Presiden Jokowi berniat menambah masa kontrak Freeport yang baru akan berakhir pada 2041. Langkah yang tak pantas di akhir masa jabatan.

 

Tempo

Minggu, 26 November 2023

TATA kelola pemerintahan yang baik menuntut adanya kepatuhan hukum dan etika. Syarat pertama, menjamin aturan main bernegara ditegakkan secara imparsial. Kedua, memastikan pejabat publik membuat kebijakan yang mengutamakan kepentingan umum di atas kepentingan individu atau kelompoknya. Hasrat Presiden Joko Widodo segera memperpanjang masa izin PT Freeport Indonesia menabrak dua prinsip tersebut.

Jokowi menyampaikan ambisi itu saat bertemu dengan Chairman Freeport-McMoRan Richard Adkerson di Washington, DC, Amerika Serikat, pada Senin, 13 November lalu. Presiden menginginkan pembahasan rencana penambahan kepemilikan saham Indonesia sebesar 10 persen dan perpanjangan izin Freeport selama 20 tahun segera dirampungkan bulan ini. Jika itu terealisasi, Freeport bisa melanjutkan operasi produksi emas dan tembaganya di tambang Grasberg, Papua Tengah, sampai 2061.

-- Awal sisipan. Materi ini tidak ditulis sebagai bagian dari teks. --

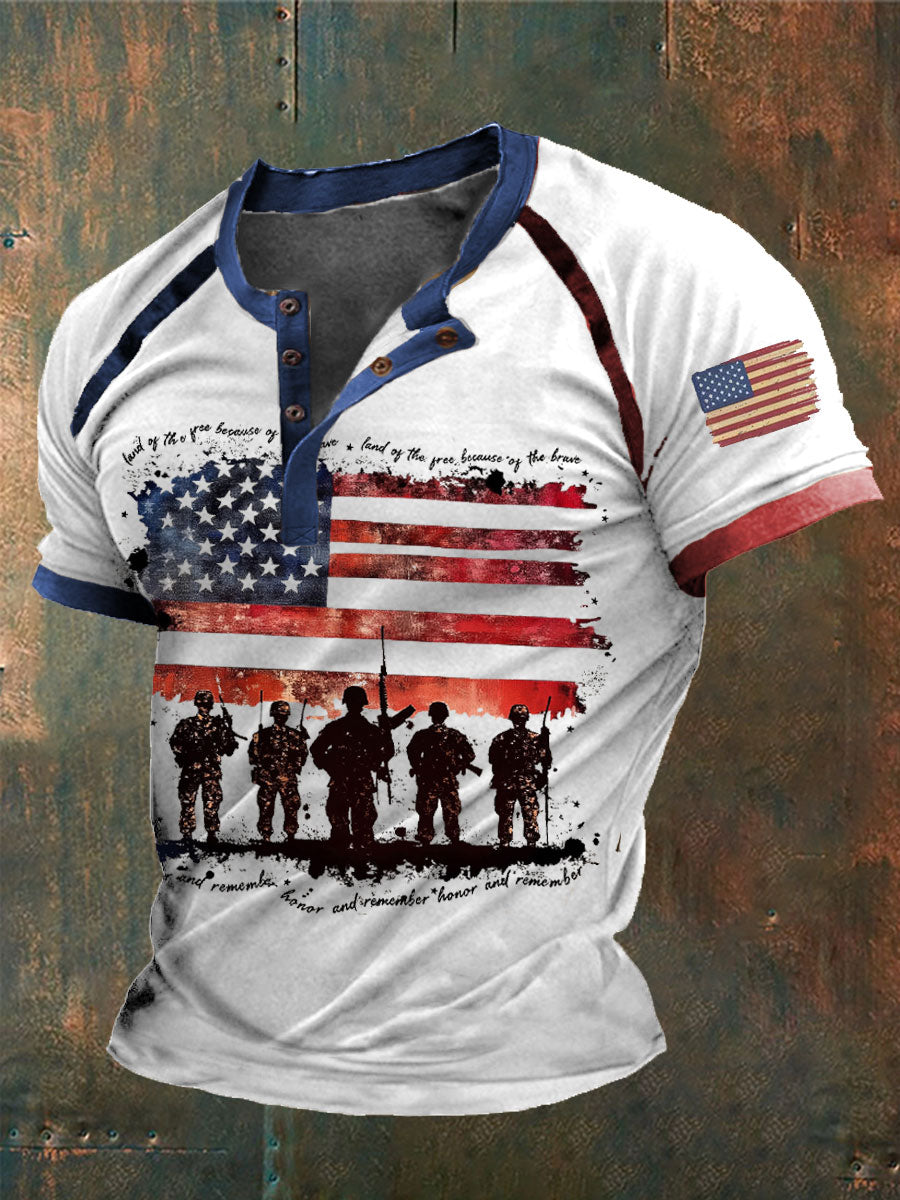 Men's Memorial Day Remeber&Honor Flag Printed Henry Collar Shirt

Jokowi harus meredam hasratnya, apa pun motif di belakang rencana tersebut. Menambah porsi saham dan memperpanjang izin Freeport merupakan dua langkah besar yang tak semestinya diputuskan secara gegabah. Perpanjangan izin di akhir masa jabatan presiden ini juga akan menerabas regulasi dan menyalahi etika publik.

Freeport mengantongi izin usaha pertambangan khusus (IUPK) pada 2021 yang berlaku dalam dua tahap, masing-masing selama 10 tahun sampai 2041. Lisensi baru ini merupakan kelanjutan kontrak karya yang dikantongi perusahaan sejak lebih dari setengah abad silam. Freeport juga telah memenuhi persyaratan peralihan izin tersebut berupa divestasi saham pada 2018 sehingga porsi kepemilikan RI atas perseroan bertambah menjadi 51,24 persen melalui PT Indonesia Asahan Aluminium atau Inalum.  

Sesuai dengan Undang-Undang Pertambangan Mineral dan Batubara (UU Minerba), pemegang IUPK kelanjutan kontrak karya memang bisa mendapat perpanjangan izin. Namun Peraturan Pemerintah Nomor 96 Tahun 2021 tentang Pelaksanaan Kegiatan Usaha Pertambangan Mineral dan Batubara, sebagai aturan pelaksana Undang-Undang Minerba, menegaskan bahwa permohonan perpanjangan IUPK sebagai kelanjutan operasi kontrak karya diajukan paling cepat lima tahun sebelum berakhirnya izin. Artinya, rencana penambahan jangka waktu operasi kepada Freeport semestinya baru bisa dibahas pada 2025, lima tahun sebelum berakhirnya IUPK tahap pertama.

Pemerintah mungkin saja merombak regulasi itu demi mengegolkan negosiasi dengan Freeport. Namun langkah itu jelas makin menunjukkan betapa rendahnya etika pejabat publik di republik ini. Seorang presiden yang akan lengser menabrak aturan demi bisa membuat keputusan yang kudu ditanggung untung-ruginya oleh pemerintahan serta rakyat Indonesia selama empat dekade ke depan. Tindakan semacam ini tidak masuk akal, dan bisa memantik kecurigaan karena menyangkut transaksi bisnis yang besar.

Presiden sebaiknya menyerahkan urusan ini kepada pemimpin baru yang akan menggantikannya. Keputusan memperpanjang izin dan menambah porsi kepemilikan di Freeport harus disertai kalkulasi jangka panjang secara komprehensif, akuntabel, dan transparan. Prinsip-prinsip itulah yang absen dalam negosiasi terbaru antara pemerintah dan Freeport sekarang. Maka tak berlebihan jika kini hasrat Jokowi dinilai lebih tampak sebagai pencitraan belaka.